_Provided material:_
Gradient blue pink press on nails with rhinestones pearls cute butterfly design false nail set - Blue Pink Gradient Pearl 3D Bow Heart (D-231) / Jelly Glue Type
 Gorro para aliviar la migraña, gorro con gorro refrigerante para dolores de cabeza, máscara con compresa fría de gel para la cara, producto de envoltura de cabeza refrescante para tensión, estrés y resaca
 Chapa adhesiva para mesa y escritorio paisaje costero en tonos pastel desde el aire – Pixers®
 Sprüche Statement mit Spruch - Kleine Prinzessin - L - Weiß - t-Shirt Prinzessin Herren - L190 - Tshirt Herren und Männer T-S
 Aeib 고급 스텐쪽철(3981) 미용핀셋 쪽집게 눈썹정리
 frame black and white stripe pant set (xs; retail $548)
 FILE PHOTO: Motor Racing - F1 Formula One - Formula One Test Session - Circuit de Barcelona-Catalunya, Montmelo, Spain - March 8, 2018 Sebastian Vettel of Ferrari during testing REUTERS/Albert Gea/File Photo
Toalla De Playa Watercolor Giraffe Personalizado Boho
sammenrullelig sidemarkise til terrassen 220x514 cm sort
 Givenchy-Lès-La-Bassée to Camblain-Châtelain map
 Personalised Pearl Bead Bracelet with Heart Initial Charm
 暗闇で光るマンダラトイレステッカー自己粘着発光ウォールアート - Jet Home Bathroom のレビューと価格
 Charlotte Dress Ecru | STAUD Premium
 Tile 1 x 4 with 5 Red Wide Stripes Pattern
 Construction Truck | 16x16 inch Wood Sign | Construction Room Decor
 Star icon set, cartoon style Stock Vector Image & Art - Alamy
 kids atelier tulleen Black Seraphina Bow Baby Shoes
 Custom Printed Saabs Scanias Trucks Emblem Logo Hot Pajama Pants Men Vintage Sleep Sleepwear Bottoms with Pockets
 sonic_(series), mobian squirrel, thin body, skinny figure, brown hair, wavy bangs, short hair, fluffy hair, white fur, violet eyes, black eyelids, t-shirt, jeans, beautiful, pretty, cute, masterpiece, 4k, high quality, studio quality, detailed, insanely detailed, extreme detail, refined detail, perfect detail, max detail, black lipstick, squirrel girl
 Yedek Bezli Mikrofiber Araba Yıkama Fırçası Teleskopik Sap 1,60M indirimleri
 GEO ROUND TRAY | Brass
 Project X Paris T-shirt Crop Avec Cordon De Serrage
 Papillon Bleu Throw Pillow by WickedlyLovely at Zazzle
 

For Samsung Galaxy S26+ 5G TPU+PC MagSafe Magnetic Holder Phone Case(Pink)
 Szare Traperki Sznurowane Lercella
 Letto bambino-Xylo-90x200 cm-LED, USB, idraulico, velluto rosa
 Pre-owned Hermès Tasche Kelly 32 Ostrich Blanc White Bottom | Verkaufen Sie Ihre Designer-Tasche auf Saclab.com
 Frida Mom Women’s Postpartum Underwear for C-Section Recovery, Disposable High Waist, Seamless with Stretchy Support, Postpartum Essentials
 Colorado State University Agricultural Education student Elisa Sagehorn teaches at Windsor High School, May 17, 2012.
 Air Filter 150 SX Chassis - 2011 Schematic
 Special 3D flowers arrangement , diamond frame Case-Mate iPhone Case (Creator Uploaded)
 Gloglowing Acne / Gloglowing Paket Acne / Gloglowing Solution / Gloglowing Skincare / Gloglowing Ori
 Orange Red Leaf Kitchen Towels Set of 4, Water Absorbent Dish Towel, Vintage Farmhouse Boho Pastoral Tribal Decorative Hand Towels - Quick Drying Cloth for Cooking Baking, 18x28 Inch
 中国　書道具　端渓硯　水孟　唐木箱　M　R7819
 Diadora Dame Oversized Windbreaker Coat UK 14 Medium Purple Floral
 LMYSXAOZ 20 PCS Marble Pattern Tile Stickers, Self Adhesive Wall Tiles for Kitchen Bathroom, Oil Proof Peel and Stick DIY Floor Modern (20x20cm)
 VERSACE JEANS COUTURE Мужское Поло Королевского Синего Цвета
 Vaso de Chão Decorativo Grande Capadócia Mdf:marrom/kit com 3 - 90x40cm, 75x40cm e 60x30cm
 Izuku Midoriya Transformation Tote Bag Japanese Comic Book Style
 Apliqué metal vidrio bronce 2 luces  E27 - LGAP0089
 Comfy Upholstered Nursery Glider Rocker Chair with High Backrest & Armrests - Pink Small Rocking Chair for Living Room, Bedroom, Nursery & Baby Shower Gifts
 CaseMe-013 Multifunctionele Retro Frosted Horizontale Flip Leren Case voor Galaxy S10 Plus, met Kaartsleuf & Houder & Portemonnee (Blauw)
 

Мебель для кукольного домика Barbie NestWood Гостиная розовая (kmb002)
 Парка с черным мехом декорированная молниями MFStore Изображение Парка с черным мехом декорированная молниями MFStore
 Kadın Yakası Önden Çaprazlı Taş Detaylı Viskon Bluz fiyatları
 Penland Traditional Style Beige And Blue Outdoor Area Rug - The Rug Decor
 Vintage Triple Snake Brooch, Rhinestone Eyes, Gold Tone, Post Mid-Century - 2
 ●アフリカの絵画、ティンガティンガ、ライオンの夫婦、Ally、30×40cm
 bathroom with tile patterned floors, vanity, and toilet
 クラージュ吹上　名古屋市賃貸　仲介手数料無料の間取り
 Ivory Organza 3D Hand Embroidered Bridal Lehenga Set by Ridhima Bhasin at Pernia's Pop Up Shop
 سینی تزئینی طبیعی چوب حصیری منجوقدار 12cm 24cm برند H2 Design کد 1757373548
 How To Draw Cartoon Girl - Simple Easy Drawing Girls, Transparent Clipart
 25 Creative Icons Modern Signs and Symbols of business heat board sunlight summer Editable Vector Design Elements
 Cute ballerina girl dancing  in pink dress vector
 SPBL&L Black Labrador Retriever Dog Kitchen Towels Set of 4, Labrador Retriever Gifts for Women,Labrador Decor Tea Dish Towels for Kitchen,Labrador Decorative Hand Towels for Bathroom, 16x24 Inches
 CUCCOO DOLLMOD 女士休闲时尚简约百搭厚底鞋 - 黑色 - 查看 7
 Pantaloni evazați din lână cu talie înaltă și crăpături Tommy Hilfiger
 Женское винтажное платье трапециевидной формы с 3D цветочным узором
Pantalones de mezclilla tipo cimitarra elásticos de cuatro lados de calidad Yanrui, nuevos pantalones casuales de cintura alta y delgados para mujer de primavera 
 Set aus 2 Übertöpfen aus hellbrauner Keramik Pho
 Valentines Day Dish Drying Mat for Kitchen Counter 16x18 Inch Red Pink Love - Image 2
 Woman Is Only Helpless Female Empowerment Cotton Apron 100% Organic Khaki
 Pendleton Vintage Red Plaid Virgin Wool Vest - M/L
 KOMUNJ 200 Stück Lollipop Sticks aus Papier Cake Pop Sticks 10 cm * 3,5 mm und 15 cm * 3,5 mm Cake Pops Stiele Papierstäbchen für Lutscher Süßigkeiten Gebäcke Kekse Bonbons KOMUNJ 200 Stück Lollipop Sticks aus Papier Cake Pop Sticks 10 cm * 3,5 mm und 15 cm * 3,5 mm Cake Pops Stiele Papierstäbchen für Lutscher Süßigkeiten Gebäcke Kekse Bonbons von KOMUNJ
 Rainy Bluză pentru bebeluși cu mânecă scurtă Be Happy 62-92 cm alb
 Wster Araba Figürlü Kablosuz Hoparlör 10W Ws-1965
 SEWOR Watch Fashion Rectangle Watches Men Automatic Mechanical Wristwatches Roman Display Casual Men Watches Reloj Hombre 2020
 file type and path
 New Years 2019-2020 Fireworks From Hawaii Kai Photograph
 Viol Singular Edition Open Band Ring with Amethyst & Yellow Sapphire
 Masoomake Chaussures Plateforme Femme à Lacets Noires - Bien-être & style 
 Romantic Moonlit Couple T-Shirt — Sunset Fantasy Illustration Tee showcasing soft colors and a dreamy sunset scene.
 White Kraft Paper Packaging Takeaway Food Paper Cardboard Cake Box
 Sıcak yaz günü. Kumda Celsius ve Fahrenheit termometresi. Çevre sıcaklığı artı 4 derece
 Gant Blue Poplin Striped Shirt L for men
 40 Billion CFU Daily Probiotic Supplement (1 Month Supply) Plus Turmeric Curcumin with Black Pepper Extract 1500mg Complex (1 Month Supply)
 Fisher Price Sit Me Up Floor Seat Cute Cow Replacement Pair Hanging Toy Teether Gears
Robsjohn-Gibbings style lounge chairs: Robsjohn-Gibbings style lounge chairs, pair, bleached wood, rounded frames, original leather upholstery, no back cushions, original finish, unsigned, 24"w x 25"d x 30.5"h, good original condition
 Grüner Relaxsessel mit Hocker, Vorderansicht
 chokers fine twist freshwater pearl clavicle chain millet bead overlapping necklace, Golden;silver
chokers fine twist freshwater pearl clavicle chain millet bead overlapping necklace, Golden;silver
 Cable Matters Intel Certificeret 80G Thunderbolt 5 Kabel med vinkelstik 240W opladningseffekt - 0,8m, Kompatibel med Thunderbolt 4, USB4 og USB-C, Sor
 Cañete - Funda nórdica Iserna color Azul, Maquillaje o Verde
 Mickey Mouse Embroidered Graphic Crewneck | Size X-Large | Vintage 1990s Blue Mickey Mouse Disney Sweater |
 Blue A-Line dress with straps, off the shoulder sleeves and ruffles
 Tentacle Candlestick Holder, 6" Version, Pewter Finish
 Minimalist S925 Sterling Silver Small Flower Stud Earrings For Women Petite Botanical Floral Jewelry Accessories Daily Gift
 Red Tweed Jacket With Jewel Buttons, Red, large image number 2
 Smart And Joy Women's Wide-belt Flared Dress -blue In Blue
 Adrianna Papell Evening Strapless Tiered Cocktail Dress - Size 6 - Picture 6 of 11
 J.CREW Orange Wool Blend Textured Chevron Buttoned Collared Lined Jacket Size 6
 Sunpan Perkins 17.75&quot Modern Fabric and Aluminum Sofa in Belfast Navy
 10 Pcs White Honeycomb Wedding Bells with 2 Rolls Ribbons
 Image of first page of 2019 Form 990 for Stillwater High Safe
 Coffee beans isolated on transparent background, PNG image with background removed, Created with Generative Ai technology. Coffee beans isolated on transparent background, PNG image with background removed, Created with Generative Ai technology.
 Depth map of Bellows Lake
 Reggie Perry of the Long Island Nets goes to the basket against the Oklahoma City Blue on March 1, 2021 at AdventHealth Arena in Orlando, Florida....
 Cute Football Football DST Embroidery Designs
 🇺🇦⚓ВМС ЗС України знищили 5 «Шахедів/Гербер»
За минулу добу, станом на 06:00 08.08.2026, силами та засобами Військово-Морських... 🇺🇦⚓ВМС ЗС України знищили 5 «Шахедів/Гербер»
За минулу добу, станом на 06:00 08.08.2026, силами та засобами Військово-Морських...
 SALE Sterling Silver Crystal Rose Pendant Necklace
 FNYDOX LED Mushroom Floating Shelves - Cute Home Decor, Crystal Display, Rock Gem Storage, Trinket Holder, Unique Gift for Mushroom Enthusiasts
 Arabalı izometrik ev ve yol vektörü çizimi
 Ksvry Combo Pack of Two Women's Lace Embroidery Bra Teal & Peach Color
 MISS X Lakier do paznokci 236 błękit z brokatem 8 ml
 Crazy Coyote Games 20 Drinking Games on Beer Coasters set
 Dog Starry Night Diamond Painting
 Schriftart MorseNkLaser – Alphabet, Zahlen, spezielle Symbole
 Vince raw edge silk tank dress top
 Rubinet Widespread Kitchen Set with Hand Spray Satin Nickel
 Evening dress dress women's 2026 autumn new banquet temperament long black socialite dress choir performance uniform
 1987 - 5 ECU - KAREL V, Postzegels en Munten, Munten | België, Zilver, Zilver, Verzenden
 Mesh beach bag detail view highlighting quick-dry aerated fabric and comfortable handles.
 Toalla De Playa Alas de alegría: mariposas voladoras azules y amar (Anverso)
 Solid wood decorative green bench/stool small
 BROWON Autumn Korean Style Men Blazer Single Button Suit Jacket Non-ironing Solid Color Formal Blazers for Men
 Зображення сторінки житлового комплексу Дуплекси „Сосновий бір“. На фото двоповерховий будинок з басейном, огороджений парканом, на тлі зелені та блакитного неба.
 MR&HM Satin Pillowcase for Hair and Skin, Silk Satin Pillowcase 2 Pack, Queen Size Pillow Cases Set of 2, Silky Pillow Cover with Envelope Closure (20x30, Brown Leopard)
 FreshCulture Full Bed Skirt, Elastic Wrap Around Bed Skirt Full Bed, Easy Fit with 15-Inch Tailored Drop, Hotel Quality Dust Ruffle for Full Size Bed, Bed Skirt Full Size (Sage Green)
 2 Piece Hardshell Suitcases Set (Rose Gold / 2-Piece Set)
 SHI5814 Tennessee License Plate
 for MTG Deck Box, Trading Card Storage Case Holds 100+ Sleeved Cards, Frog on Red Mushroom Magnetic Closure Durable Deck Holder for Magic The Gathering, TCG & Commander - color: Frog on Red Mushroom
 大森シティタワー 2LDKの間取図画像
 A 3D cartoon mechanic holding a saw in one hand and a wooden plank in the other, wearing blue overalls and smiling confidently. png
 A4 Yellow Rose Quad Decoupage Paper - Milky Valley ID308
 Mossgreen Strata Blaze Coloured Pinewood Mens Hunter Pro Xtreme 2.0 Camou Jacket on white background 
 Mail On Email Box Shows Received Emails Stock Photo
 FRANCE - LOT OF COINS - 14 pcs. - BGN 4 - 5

_Problem to work on:_
Please copy, word for word, every line from the first line of the records through the line containing "Personalised Pearl Bead", with both of those lines included and nothing else.

_Result below:_
Gradient blue pink press on nails with rhinestones pearls cute butterfly design false nail set - Blue Pink Gradient Pearl 3D Bow Heart (D-231) / Jelly Glue Type
 Gorro para aliviar la migraña, gorro con gorro refrigerante para dolores de cabeza, máscara con compresa fría de gel para la cara, producto de envoltura de cabeza refrescante para tensión, estrés y resaca
 Chapa adhesiva para mesa y escritorio paisaje costero en tonos pastel desde el aire – Pixers®
 Sprüche Statement mit Spruch - Kleine Prinzessin - L - Weiß - t-Shirt Prinzessin Herren - L190 - Tshirt Herren und Männer T-S
 Aeib 고급 스텐쪽철(3981) 미용핀셋 쪽집게 눈썹정리
 frame black and white stripe pant set (xs; retail $548)
 FILE PHOTO: Motor Racing - F1 Formula One - Formula One Test Session - Circuit de Barcelona-Catalunya, Montmelo, Spain - March 8, 2018 Sebastian Vettel of Ferrari during testing REUTERS/Albert Gea/File Photo
Toalla De Playa Watercolor Giraffe Personalizado Boho
sammenrullelig sidemarkise til terrassen 220x514 cm sort
 Givenchy-Lès-La-Bassée to Camblain-Châtelain map
 Personalised Pearl Bead Bracelet with Heart Initial Charm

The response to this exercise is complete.